Transcribe exactly, and only, the lines running from the one that contains "Papyrus Romantic Holiday" through the last line of the material. No pictures.

- Data below -
++++++

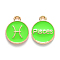 Alloy Enamel Pendants, Cadmium Free & Lead Free, Flat Round with Constellation, Light Gold, Pale Green, Pisces, 22x18x2mm, Hole: 1.5mm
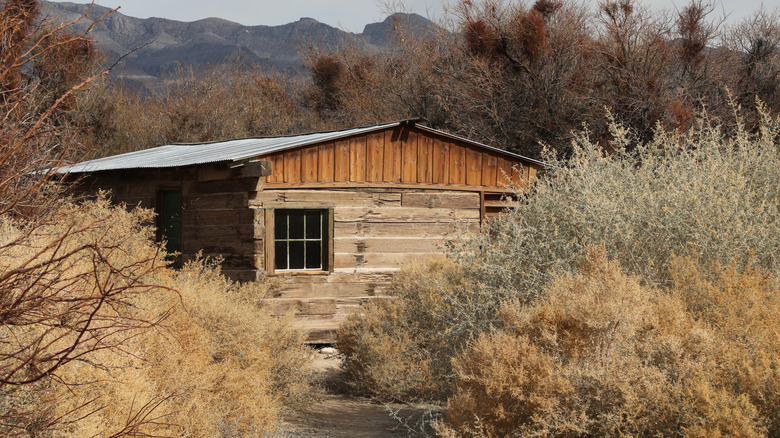 A railroad tie cabin at Desert National Wildlife Refuge.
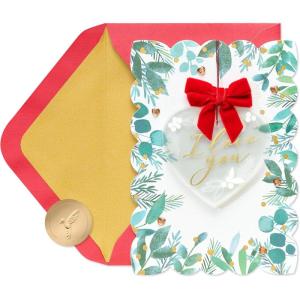 Papyrus Romantic Holiday Card (Magic of the Season)(FSC Acrylic Heart Wreath)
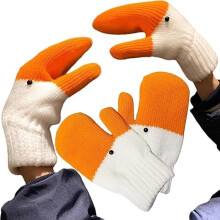 Grappige ganzenhandschoenen, gebreide fleecegevoerde winterwanten met een grappig dierenontwerp.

++++++

- Exercise output -
 Papyrus Romantic Holiday Card (Magic of the Season)(FSC Acrylic Heart Wreath)
 Grappige ganzenhandschoenen, gebreide fleecegevoerde winterwanten met een grappig dierenontwerp.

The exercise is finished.